Last night, while Andy Roddick was giving his best against bored
world champion Roger Federer (and still lost after a game of many
crazy shots), I reached what I think is a milestone in my attempt to
let git manage my home directory across several machines. I called
it colgit, which attempts to hint at "collection of gits", and this
is the birth announcement of this shell script.

  http://git.madduck.net/v/bin/colgit.git

The problem I am trying to solve is that I maintain different
projects in different repos, including scripts in ~/.bin and
configuration files, and that I use multiple computers on a daily
basis. Moreover, I might happen upon a new computer which I have to
use for a few days and would like to be able to set up my account
easily.

With SVN, I'd have a repository for each machine, which existed only
of svn:externals references pulling in other repos and thus
assembling my home directory. git-submodule isn't quite designed for
this sort of stuff, and thus I came up with colgit.

The idea is simple: ~ is a git repository with a .colgit/ directory,
which hosts a hierarchy of directories holding a selection of files
from .git directories. For instance, ~/.colgit/.etc/mutt/config is
the git-config file for the repository that I want to have in
~/.etc/mutt. Since all of ~/.colgit is checked in to the repo in ~,
I can easily clone that for another machine, or branch from it and
add yet other repositories, or remove some.

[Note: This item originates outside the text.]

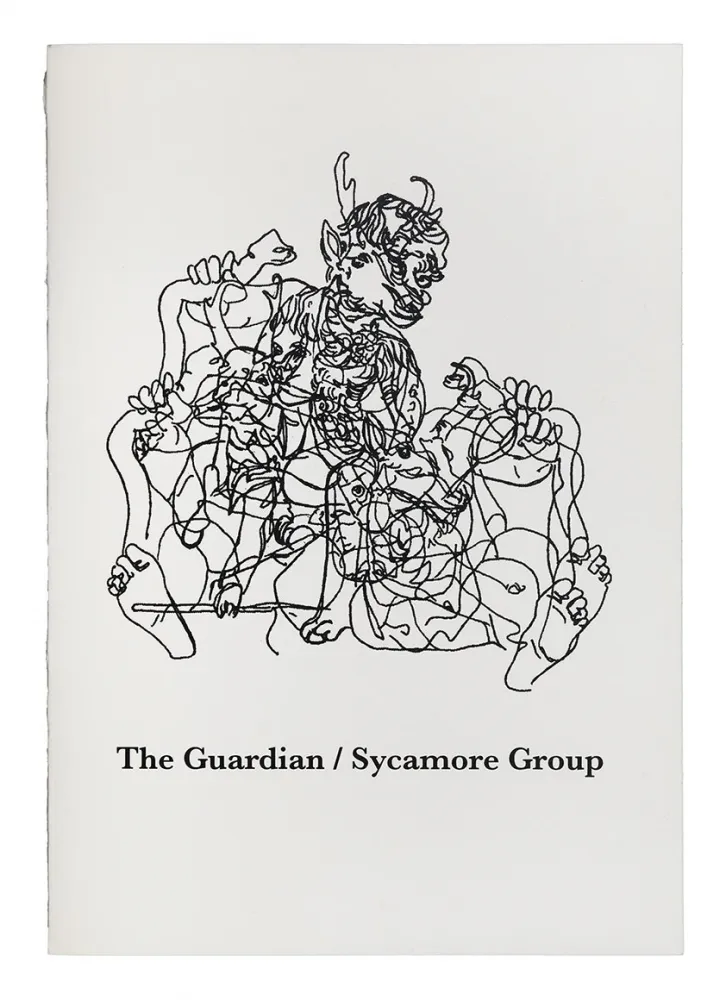 Black abstract line drawing of a figure with multiple limbs, faces, and animal features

Each directory in ~/.colgit can also hold hooks, description, and
info/exclude, which are used to seed the repository in the plain
~ hierarchy. Right now, the design requires a central repository and
appropriate remote.origin.*/branch.master.merge entries in the
config file so that it can initialise repositories on new machines.

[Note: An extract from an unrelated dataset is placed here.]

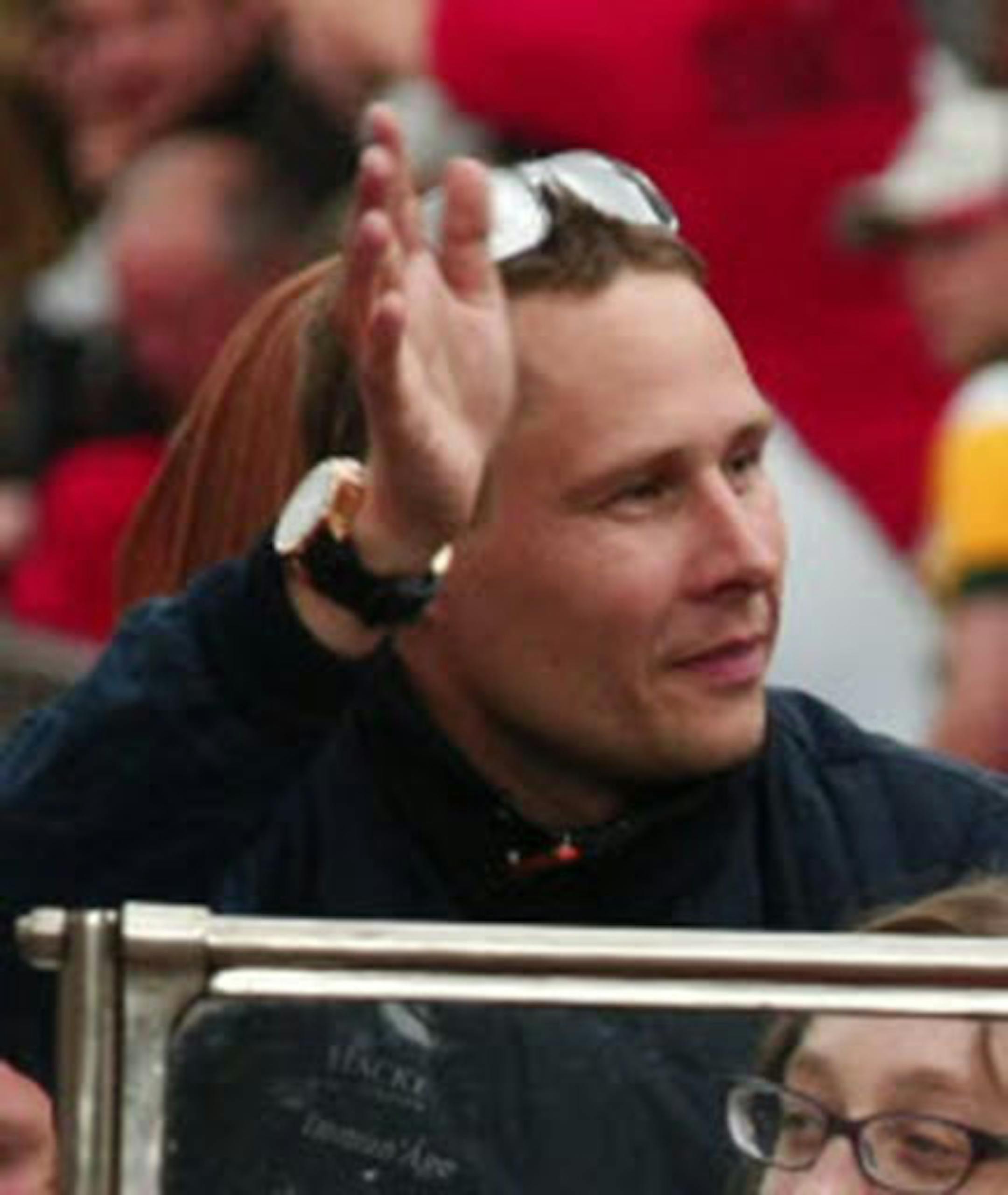 Danish Driver Allan Simonsen, left, was seen during a parade on the eve of the 90th 24-hour Le Mans endurance race. The No.95 Aston Martin Vantage GTE, driven by Simonsen, exited the track at high speed at the "Tertre Rouge" corner on his fourth lap of the race. He died from his injuries Saturday.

colgit currently is still very much a hack, but it already sports
the following commands:

  update/init: for each leaf directory in ~/.colgit, create the
  corresponding repository in ~, seed it, and run git-pull. If the
  respository already exists, just pull.

  register: given an existing repository somewhere under ~, obtain
  the relevant config files from its $GIT_DIR and populate the
  corresponding directory under ~/.colgit.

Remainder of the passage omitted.